§ **Provided data**:

━━━━━━

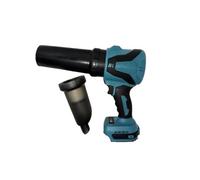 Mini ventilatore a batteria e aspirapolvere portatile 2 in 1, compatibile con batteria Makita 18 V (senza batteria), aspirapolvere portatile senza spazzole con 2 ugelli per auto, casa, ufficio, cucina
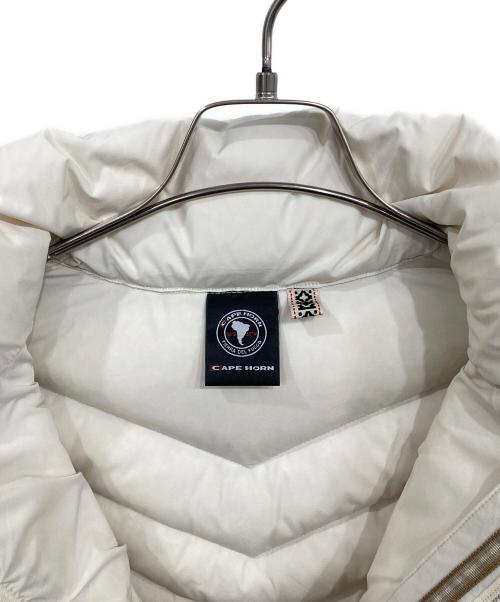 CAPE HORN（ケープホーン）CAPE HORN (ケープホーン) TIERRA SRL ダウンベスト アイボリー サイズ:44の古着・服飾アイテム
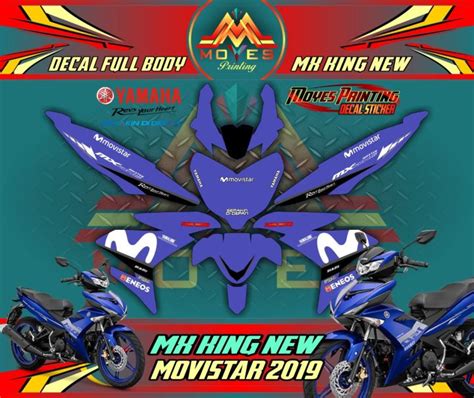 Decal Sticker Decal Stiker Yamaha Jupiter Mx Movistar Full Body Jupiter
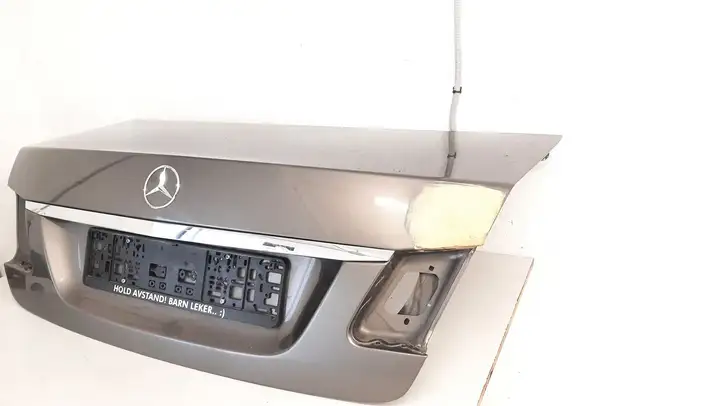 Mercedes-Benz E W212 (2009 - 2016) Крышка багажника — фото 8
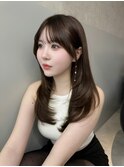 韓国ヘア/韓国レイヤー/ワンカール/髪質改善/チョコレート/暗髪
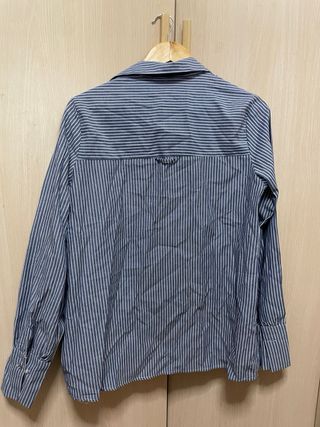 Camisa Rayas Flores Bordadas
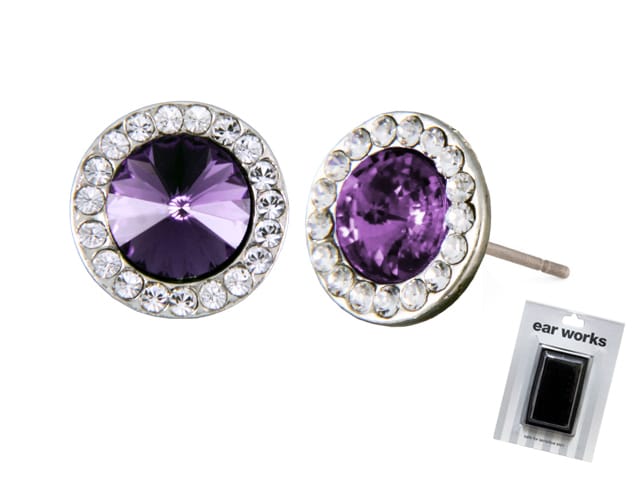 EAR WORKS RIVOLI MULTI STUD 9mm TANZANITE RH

━━━━━━

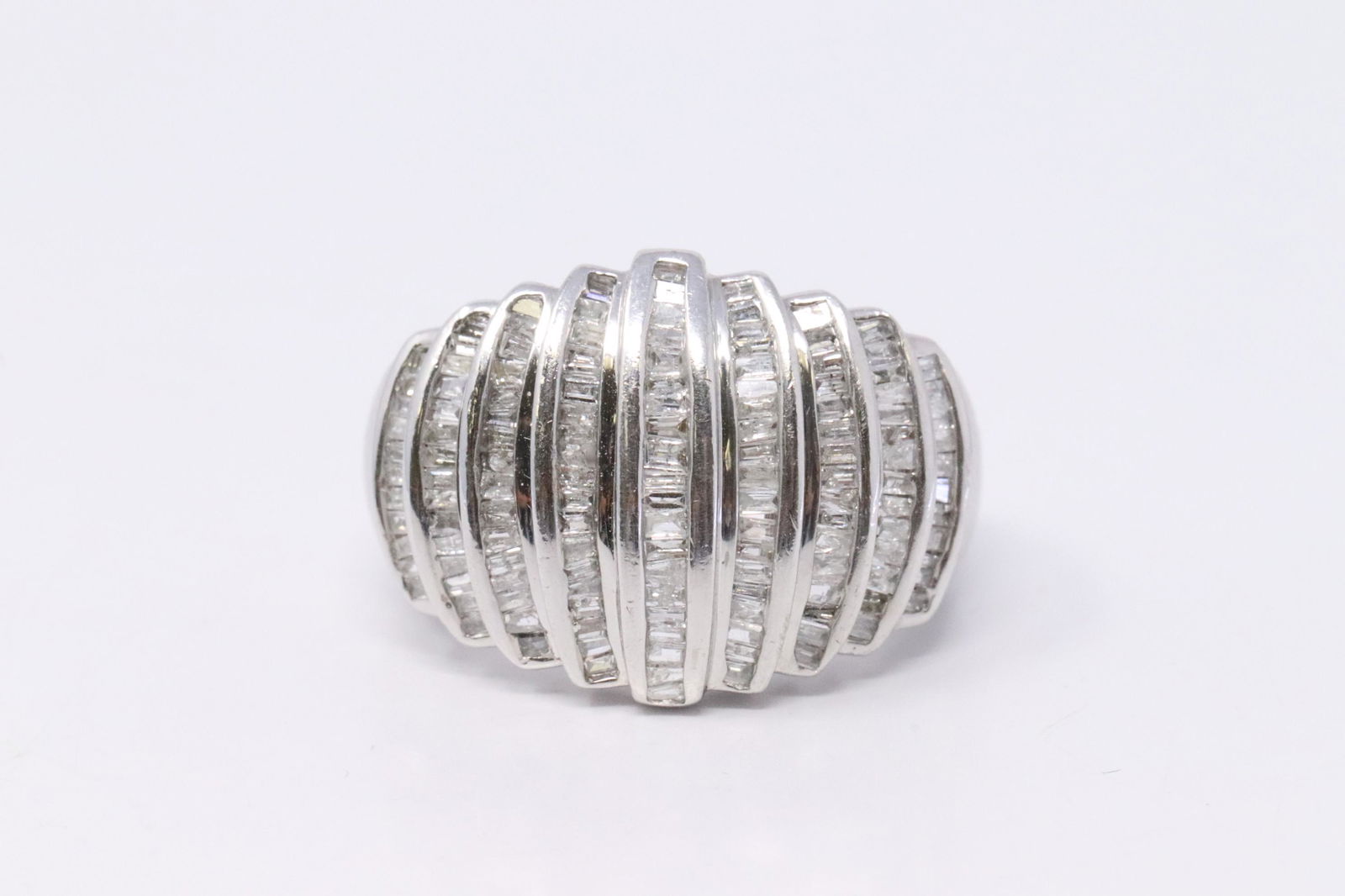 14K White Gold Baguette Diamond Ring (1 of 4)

━━━━━━

§ **Task description**:
Going by the data above, the answer is exactly the lines from the one holding "韓国ヘア/韓国レイヤー/ワンカール/髪質改善/チョコレート/暗髪" to the one holding "EAR WORKS RIVOLI MULTI STUD 9mm TANZANITE RH", both kept, with the pictures left out.

§ **Your response**:
 韓国ヘア/韓国レイヤー/ワンカール/髪質改善/チョコレート/暗髪
 Camisa Rayas Flores Bordadas
 EAR WORKS RIVOLI MULTI STUD 9mm TANZANITE RH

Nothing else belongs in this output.